Palestinian Studies

2023 Workshop

Erica Augenstein

Ph.D. candidate, University of Houston

Resistance Uniting Anti-Colonial Theory: Gramsci’s Mezzogiorno and Palestinian

In 1919, Antonio Gramsci reflected on European colonialism in the aftermath of the first  world war, “today flames of revolt are being fanned throughout the colonial world…Connective  tissues are being recreated to weld together once again peoples whom European domination  seemed to have sundered.”1 Gramsci—one of the most prominent and perennial Marxist  theorists—is often invoked by scholars of anti-colonial resistance movements who find his work  particularly explanatory within the global periphery. Specifically in studies of the Arab world, recent work methodically applies Gramsci’s theory particularly to Egyptian history.2 However,  though pieces of Gramsci’s thought frequently appear in scholarship on Palestine, these studies  do not comprehensively apply Gramsci’s theories to the history of Palestinian anti-colonial  resistance. 

Gramsci’s resonance with anti-colonial resistance movements extends beyond his role as  a theoretical observer. Gramsci’s early life in Sardinia indicates a political consciousness formed  in the colonized periphery. As a student in Cagliari, Gramsci even briefly identified with the  Sardinian nationalist movement.3 This political experience appears in Gramsci’s quintessential analysis of Italian history and society where he demonstrates and explains the subordination of  the south (Mezzogiorno) to the urban north.4 Gramsci’s analysis bears a striking resemblance to  experiences of colonialism across the world as he describes territorial expansion, systematic  underdevelopment, settler activity, and racialization. Similarly, within Gramsci’s study, the  existence of southern peasant resistance—a space never fully brought under northern Italian control—materializes. This resistance includes the “national” potential of the Mezzogiorno.5 Thus, Gramsci both lived and theorized the mechanisms of colonial control and reservoirs of  anti-colonial resistance.
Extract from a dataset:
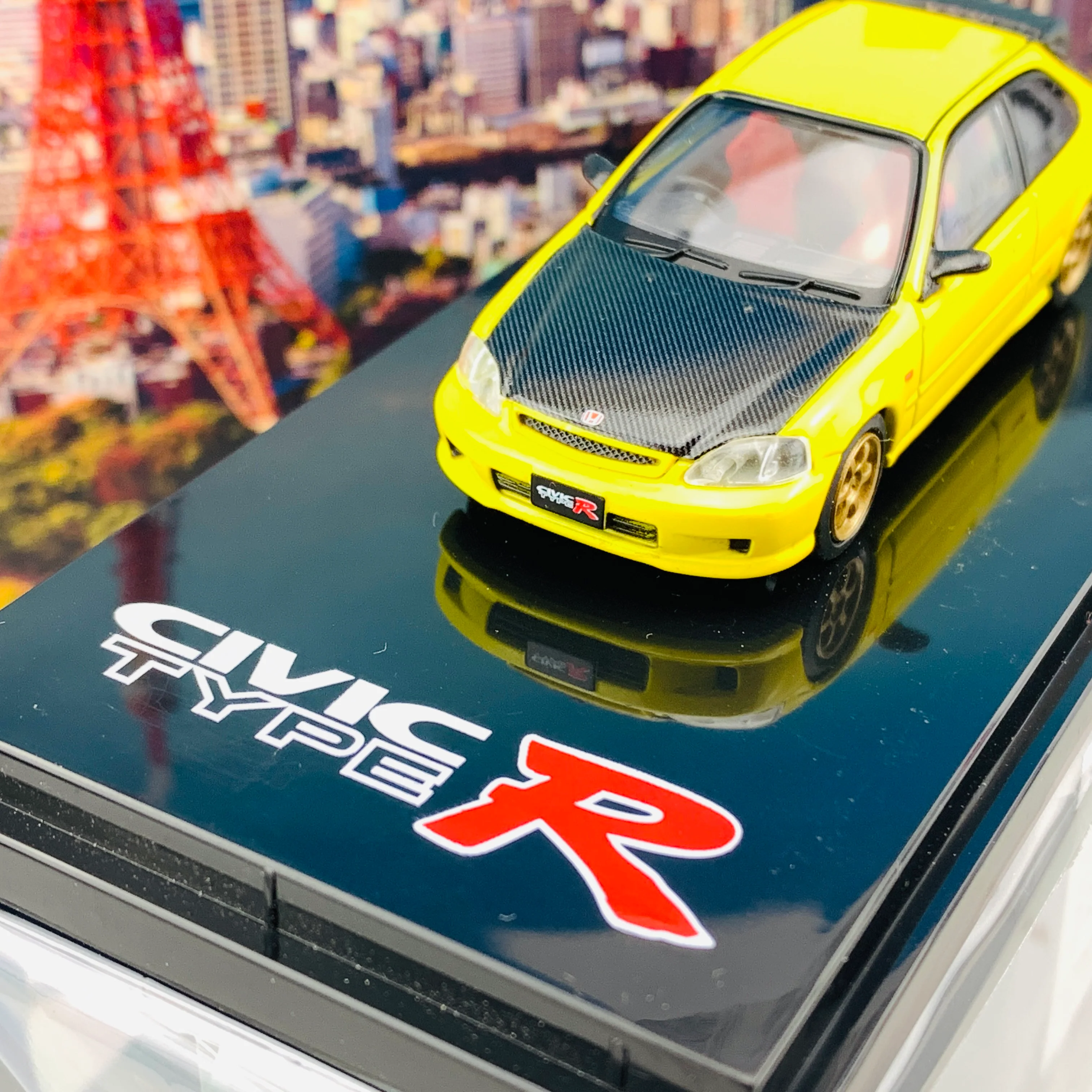 HOBBY JAPAN 1/64 Honda Civic TYPE R EK9 Customized Version Carbon Bonnet SUNLIGHT YELLOW HJ641016CY - Image 2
Additionally, for Gramsci, both southern national autonomy and  international worker and peasant organization constituted different manifestations of resistance. Thus, Gramsci develops an understanding of the many faces of resistance that engages with  complex formations of colonial expansion at local, national, and international levels. 

As Gramsci built his theory, Palestinians faced rapidly expanding colonial incursion and  built their own organizations of resistance. Palestinians synthesized a movement to resist Zionist  settler expansion backed by British imperialism in both a broader Arab and local Palestinian  context. The realities of the Palestinian experience under threat of Zionist expansion  particularized Palestinian political experience and its subsequent articulation. Thus, the earliest  theories behind Palestinian nationalism were able to hold multi-layered colonial realities in a  broadly legible articulation. Palestinian resistance also included consistent incorporation of  nationalist, Arab nationalist and global anti-colonial elements across its history. 

This paper plans to read Gramsci’s history of the Mezzogiorno alongside the history of Palestinian anti-colonial resistance as it was articulated in Palestinian nationalist, Arab  nationalist and Third Worldist publications in the 1940s and 1950s. For example, Al Ghad journal—which published theoretical material for the National Liberation League (NLL) in the  1940s—theorized colonial expansion and resistance for a fairly wide audience. 6 The 1950s  brought about an expanded degree of institutionalization of Arab nationalism and Third World internationalism that became interlinked with Palestinian anti-colonial resistance as evidenced on the pages of various publications. This paper ultimately argues reading these two specific  historical theorizations together can strengthen the understanding of anti-colonial resistance.


Erica Augenstein is a second year Ph.D. candidate in the Department of History at the University of Houston. She studies under the direction of Professor Abdel Razzaq Takriti. Her research centers on the Palestinian left in the 1950s to the 1970s.